_What to do_:
Your answer should show every line of the material below that includes "quartos".

_Information shown_:

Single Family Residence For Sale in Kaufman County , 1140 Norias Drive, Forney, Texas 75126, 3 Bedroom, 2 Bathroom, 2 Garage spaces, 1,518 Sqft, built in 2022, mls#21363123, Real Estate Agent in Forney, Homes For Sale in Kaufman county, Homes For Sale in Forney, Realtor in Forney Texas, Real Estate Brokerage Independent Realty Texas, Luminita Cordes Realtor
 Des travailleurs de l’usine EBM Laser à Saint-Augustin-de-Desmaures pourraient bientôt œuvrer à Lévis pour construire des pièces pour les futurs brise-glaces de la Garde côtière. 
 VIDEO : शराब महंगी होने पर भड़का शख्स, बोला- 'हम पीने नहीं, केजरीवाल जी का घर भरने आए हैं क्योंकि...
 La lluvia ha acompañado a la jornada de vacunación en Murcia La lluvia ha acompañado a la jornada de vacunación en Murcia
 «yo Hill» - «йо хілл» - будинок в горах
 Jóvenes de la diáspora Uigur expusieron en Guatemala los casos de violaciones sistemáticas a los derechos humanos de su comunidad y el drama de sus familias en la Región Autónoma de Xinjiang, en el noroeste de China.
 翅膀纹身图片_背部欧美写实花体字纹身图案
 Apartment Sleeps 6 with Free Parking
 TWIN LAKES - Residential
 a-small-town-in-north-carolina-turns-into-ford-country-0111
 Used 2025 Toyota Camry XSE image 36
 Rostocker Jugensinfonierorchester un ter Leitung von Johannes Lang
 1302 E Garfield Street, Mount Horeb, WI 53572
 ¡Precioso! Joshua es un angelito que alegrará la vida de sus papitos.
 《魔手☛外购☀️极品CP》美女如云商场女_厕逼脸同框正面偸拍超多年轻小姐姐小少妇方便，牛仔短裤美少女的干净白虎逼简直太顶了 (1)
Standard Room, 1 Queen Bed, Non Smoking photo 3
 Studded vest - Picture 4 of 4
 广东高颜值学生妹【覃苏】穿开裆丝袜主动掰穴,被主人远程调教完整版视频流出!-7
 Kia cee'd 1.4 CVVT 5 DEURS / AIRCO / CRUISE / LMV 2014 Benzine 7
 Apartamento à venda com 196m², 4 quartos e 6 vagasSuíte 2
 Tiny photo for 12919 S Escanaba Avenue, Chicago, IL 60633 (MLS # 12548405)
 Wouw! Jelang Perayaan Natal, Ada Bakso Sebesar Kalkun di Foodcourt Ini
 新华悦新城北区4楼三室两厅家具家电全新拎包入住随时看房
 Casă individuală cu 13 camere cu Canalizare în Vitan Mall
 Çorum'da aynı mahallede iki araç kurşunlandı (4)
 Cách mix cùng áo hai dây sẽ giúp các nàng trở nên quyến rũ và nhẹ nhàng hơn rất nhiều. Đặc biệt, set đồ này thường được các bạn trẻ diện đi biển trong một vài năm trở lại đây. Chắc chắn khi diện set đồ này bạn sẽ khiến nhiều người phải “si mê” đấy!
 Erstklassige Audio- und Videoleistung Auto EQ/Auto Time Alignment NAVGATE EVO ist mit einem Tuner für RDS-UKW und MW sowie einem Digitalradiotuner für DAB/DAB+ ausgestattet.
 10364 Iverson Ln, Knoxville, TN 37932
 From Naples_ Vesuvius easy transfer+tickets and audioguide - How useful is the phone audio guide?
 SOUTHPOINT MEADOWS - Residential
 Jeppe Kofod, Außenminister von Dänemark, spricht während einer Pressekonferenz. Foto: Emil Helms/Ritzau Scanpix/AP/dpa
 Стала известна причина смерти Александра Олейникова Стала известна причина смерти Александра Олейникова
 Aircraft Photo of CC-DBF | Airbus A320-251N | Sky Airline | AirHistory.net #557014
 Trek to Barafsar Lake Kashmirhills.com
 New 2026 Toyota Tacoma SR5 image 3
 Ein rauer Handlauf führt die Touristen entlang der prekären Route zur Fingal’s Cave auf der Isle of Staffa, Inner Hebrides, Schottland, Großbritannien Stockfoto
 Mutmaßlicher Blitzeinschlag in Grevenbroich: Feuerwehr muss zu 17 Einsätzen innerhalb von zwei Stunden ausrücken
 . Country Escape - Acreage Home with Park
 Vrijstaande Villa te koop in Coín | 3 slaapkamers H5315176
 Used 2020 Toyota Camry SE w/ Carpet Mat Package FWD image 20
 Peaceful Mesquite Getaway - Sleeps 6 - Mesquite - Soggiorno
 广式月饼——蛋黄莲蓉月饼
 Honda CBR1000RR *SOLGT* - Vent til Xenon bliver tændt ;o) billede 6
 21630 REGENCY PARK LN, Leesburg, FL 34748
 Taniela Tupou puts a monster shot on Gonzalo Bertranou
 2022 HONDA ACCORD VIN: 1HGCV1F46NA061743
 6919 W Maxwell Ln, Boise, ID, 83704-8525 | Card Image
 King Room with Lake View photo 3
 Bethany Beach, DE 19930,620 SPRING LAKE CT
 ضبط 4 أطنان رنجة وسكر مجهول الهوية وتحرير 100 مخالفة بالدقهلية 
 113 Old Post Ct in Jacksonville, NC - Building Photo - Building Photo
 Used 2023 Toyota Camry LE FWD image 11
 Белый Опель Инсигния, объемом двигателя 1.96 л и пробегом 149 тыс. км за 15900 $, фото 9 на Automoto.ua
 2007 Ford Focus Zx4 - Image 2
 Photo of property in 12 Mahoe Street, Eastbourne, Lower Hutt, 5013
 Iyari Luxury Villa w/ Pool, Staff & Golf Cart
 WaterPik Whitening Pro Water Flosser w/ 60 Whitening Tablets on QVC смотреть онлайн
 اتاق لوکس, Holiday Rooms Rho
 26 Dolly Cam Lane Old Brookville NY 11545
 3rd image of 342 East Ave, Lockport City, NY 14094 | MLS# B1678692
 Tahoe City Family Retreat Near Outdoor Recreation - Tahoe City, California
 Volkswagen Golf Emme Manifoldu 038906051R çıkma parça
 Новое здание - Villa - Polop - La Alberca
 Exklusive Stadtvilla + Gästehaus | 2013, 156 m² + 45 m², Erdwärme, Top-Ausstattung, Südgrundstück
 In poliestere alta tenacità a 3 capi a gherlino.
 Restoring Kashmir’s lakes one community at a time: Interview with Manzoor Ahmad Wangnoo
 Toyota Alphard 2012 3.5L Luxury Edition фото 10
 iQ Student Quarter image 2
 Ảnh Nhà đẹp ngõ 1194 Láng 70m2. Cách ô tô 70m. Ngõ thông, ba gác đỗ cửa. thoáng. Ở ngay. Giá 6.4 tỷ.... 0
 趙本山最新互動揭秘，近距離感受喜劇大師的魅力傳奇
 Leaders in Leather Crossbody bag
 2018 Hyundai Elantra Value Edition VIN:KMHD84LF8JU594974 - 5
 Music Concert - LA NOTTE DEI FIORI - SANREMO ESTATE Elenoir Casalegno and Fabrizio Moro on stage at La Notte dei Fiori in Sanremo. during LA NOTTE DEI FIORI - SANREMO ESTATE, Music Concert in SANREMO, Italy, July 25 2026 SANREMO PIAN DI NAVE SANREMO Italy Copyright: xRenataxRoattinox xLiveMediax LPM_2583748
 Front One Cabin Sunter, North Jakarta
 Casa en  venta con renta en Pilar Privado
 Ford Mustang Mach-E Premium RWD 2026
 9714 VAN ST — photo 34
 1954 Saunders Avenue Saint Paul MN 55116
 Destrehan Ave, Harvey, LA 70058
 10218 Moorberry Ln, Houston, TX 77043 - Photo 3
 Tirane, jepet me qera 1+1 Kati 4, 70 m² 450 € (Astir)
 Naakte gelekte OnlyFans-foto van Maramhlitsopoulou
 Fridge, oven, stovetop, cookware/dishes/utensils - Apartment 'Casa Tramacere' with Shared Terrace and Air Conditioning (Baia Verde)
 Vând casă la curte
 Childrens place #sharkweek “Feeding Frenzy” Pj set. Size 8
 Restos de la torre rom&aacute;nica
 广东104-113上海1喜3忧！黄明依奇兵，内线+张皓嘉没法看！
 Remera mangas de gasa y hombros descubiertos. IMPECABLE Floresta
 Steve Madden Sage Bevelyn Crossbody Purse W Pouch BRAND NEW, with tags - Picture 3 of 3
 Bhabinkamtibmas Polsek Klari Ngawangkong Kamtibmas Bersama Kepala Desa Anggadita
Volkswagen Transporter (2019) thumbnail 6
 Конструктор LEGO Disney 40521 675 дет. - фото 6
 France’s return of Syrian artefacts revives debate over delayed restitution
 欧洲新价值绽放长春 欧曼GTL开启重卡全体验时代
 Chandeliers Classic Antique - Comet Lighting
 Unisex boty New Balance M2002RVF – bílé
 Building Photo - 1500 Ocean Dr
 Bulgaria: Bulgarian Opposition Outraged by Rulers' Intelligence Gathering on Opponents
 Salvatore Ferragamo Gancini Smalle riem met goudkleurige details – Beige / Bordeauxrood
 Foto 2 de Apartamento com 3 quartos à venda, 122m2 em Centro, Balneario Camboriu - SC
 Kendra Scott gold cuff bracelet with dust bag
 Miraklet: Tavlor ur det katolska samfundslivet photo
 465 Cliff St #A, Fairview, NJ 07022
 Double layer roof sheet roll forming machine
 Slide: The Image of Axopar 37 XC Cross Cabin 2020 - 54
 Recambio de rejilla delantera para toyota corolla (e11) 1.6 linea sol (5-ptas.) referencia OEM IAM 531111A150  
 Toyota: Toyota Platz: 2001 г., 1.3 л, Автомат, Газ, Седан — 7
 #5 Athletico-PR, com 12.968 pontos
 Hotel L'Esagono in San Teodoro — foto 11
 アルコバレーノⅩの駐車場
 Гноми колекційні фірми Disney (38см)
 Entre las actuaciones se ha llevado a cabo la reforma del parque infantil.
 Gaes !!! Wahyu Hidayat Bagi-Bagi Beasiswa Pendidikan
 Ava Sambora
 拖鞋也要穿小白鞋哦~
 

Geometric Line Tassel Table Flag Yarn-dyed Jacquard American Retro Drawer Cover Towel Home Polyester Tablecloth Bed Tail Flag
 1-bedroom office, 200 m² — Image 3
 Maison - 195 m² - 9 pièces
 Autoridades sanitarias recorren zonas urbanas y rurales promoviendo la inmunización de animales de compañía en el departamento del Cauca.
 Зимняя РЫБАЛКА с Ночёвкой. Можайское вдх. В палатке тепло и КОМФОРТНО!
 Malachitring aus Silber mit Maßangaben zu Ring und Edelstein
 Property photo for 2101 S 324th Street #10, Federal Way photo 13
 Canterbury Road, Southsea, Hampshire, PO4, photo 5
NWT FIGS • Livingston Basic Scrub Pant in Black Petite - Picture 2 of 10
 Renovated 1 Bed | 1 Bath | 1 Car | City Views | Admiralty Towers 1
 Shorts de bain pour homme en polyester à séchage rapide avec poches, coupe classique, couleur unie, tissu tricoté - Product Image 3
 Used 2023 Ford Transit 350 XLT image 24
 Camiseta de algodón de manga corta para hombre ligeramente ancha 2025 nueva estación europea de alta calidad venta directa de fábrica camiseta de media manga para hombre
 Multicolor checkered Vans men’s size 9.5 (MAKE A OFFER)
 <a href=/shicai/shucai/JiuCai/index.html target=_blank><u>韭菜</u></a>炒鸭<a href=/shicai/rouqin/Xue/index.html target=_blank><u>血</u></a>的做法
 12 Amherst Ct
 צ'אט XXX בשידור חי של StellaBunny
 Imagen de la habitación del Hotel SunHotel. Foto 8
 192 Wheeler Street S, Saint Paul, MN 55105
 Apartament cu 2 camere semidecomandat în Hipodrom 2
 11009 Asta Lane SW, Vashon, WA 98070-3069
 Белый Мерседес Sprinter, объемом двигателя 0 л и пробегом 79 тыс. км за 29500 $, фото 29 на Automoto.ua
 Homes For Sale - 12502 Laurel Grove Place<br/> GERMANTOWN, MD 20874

_Reply to the exercise_:
 Apartamento à venda com 196m², 4 quartos e 6 vagasSuíte 2
 Foto 2 de Apartamento com 3 quartos à venda, 122m2 em Centro, Balneario Camboriu - SC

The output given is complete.